Train on all published scientific knowledge and observations up to certain point, before a breakthrough occurred. Then see if your AI can generate the breakthrough on its own.

For example, prior to 1900 quantum theory did not exist. Given what we knew then, could AI reproduce the ideas of Planck, Einstein, Bohr etc?

If not, then AI will never be useful for generating scientific theory.

therobot24 6 hours ago
i only performed a quick read of the paper but couldn't find how many humans they used to generate their expected human performance, this seems to be the main content:

> To ensure that we did not overfit PaperQA2 to achieve high performance on LitQA2, we generated a new set of 101 LitQA2 questions after making most of the engineering changes to PaperQA2. The accuracy of PaperQA2 on the original set of 147 questions did not differ significantly from its accuracy on the latter set of 101 questions, indicating that our optimizations in the first stage generalized well to new and unseen LitQA2 questions (Table 2).

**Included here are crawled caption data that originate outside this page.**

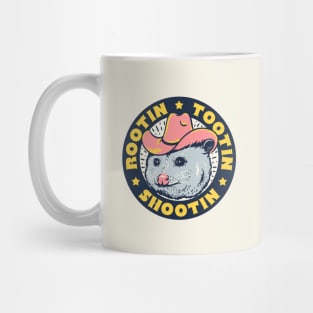 Rootin Tootin Shootin - Cowboy Advice | Poss Possum Opossum | Dark Frame Mug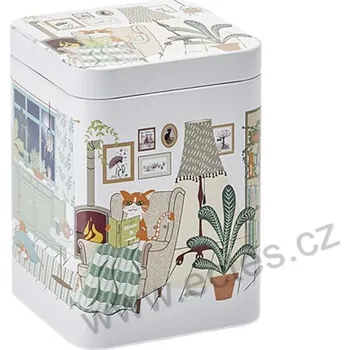 Dóza na potraviny ChaCult OSKAR plechová dóza na čaj 3392 kocour v křesle u krbu a knihovny
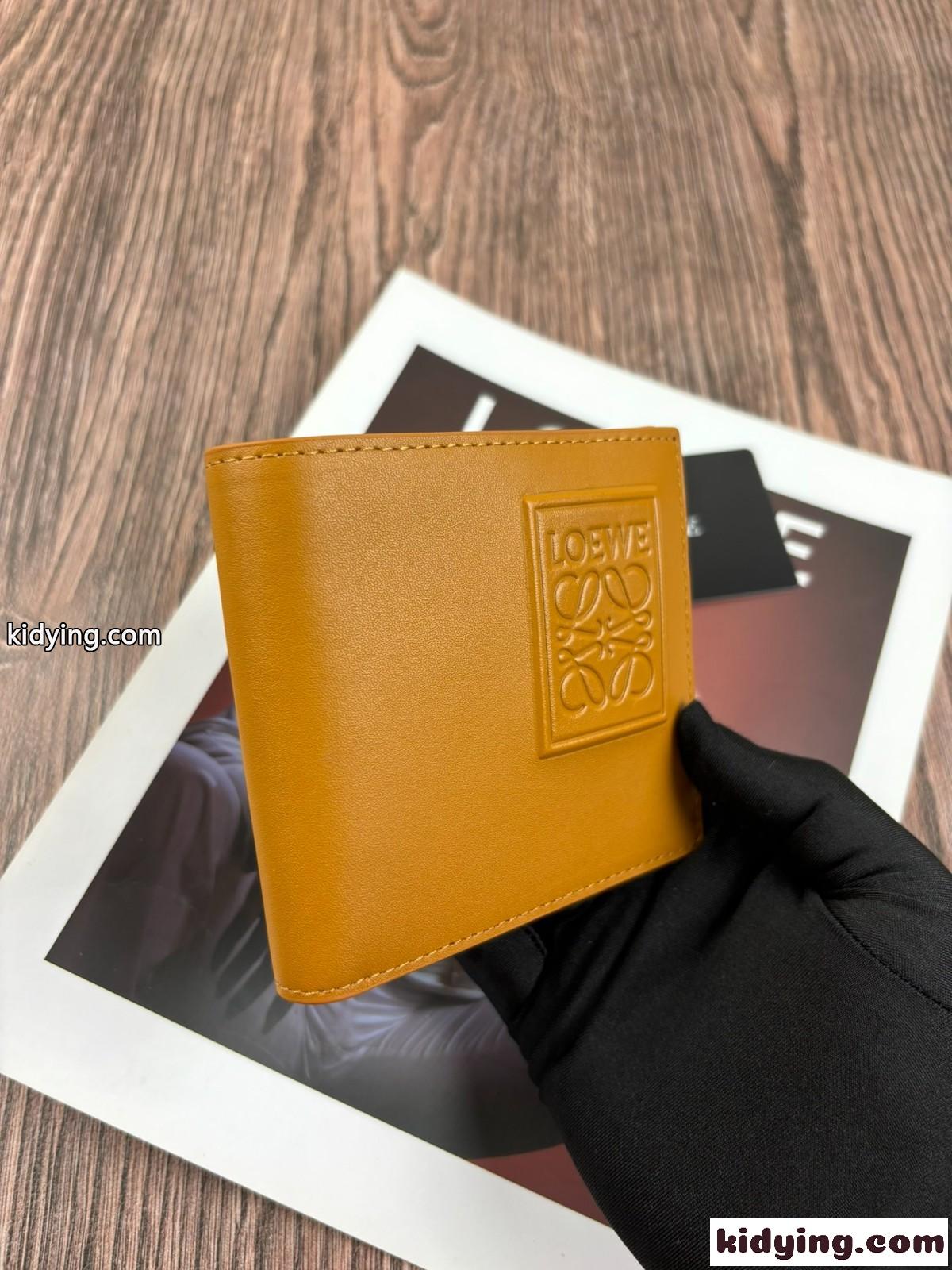 定番 人気 2つ折り財布 ロエベ 財布 コピー コンパクト ウォレット イエロー-3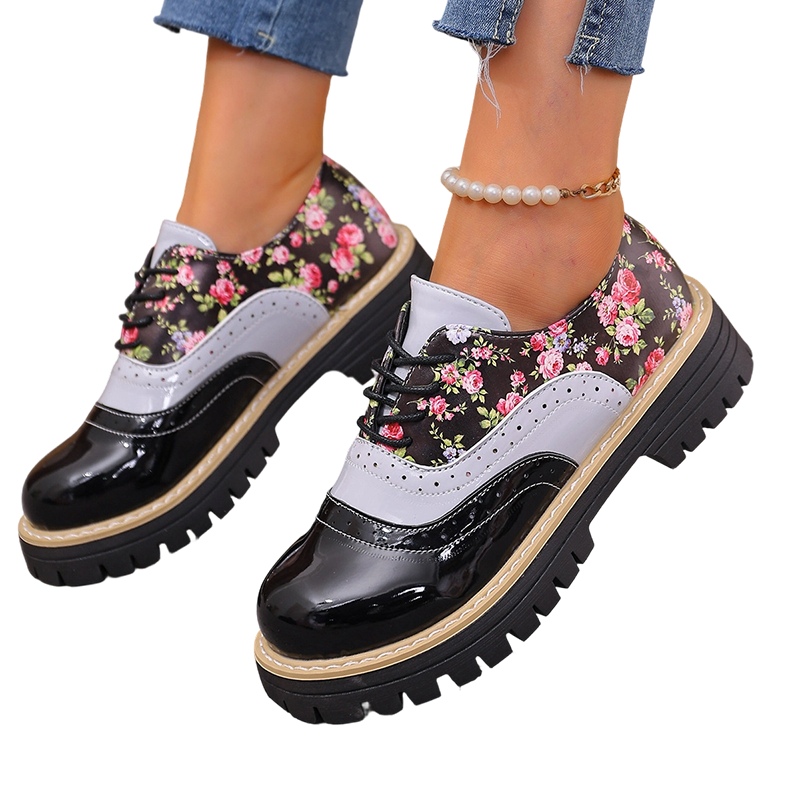 Damen Plateau-Brogues mit Blumenmuster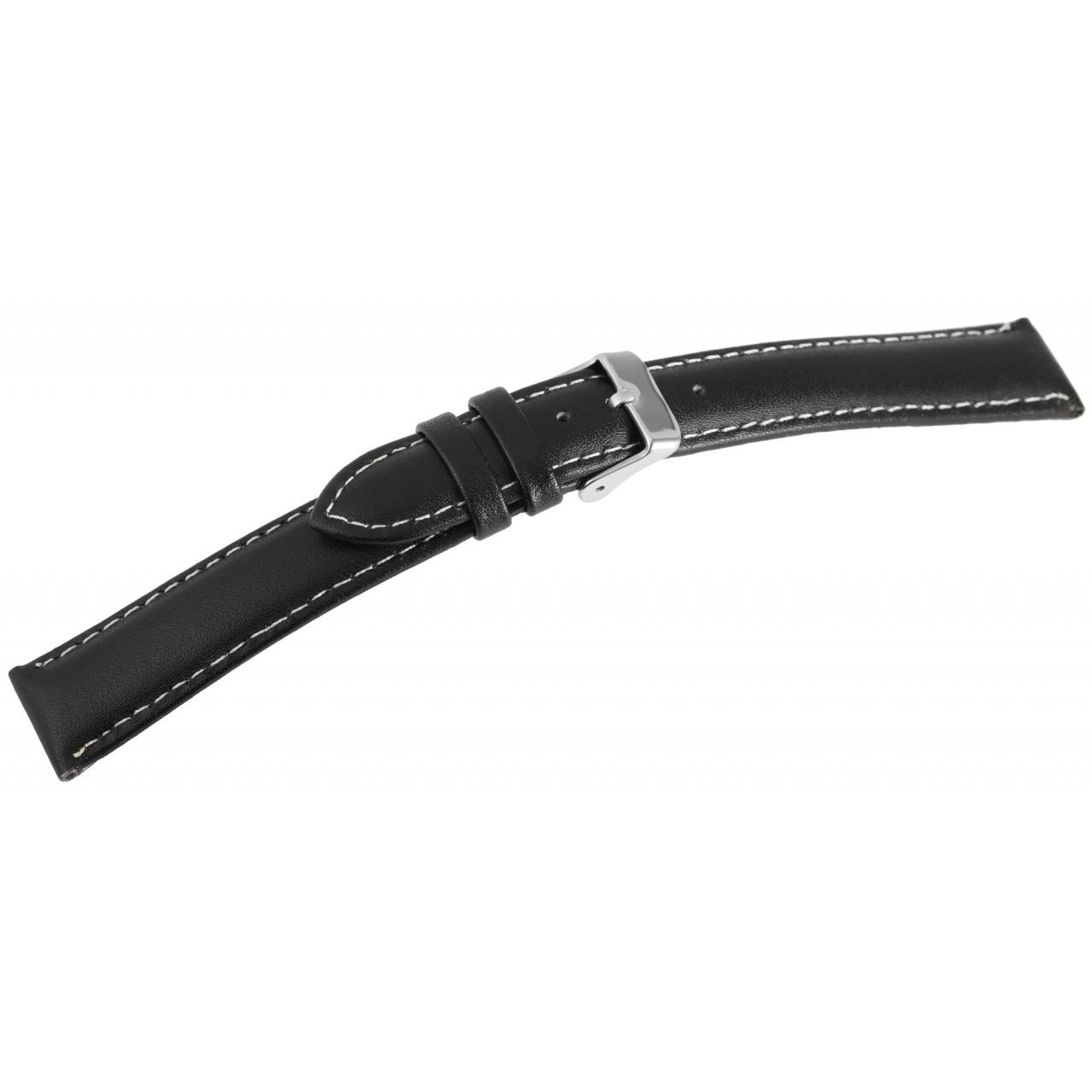Bracelete para Reloj em Pele Genuína Preto 12 mm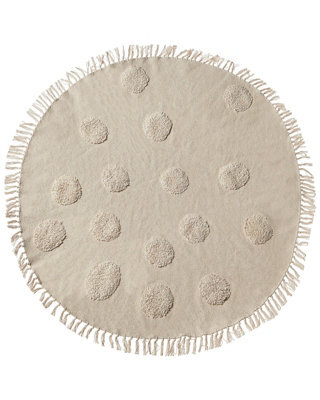 Wyld And Coco Round Beige Cotton Area Rug 140Cm With Decorative Tassels - image 1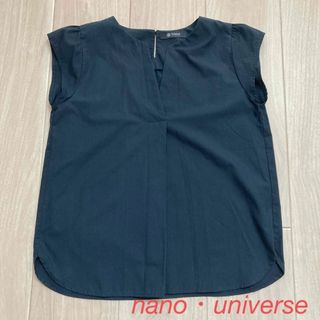 ナノユニバース(nano・universe)のnano・universe フレンチスリーブブラウス　ネイビー(シャツ/ブラウス(半袖/袖なし))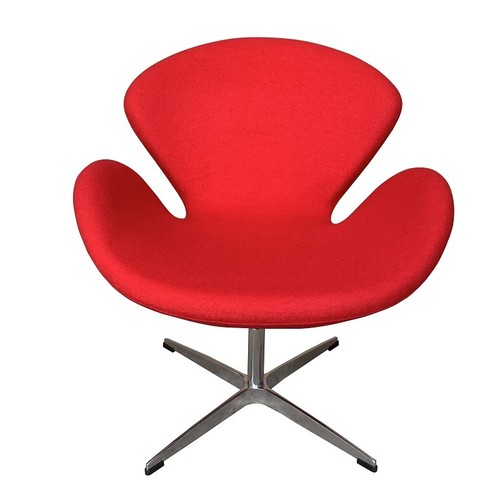 Sillón SW, tapizado en tejido cachemira rojo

> To compare PaperQA2 performance to human performance on the same task, human annotators who either possessed a PhD in biology or a related science, or who were enrolled in a PhD program (see Section 8.2.1), were each provided a subset of LitQA2 questions and a performance-related financial incentive of $3-12 per question to answer as many questions correctly as possible within approximately one week, using any online tools and paper access provided by their institutions. Under these conditions, human annotators achieved 73.8% ± 9.6% (mean ± SD, n = 9) precision on LitQA2 and 67.7% ± 11.9% (mean ± SD, n = 9) accuracy (Figure 2A, green line). PaperQA2 thus achieved superhuman precision on this task (t(8.6) = 3.49, p = 0.0036) and did not differ significantly from humans in accuracy (t(8.5) = −0.42, p = 0.66).

dcreater 5 hours ago
Academic writing is notoriously hard to read and often poorly written. If this lives up to billing it will be a game changer - no need to rely on sporadic, manual, intrinsically limited nature of surveys from academics, analysts through to gym bros, reddit posters.
PaulKeeble 6 hours ago
One of my big uses of LLM's has been searching through medical research. The issue has been a few times running into confidence where it shouldn't be but I have found it hallucinates a lot less in science topics than it does for more common topics.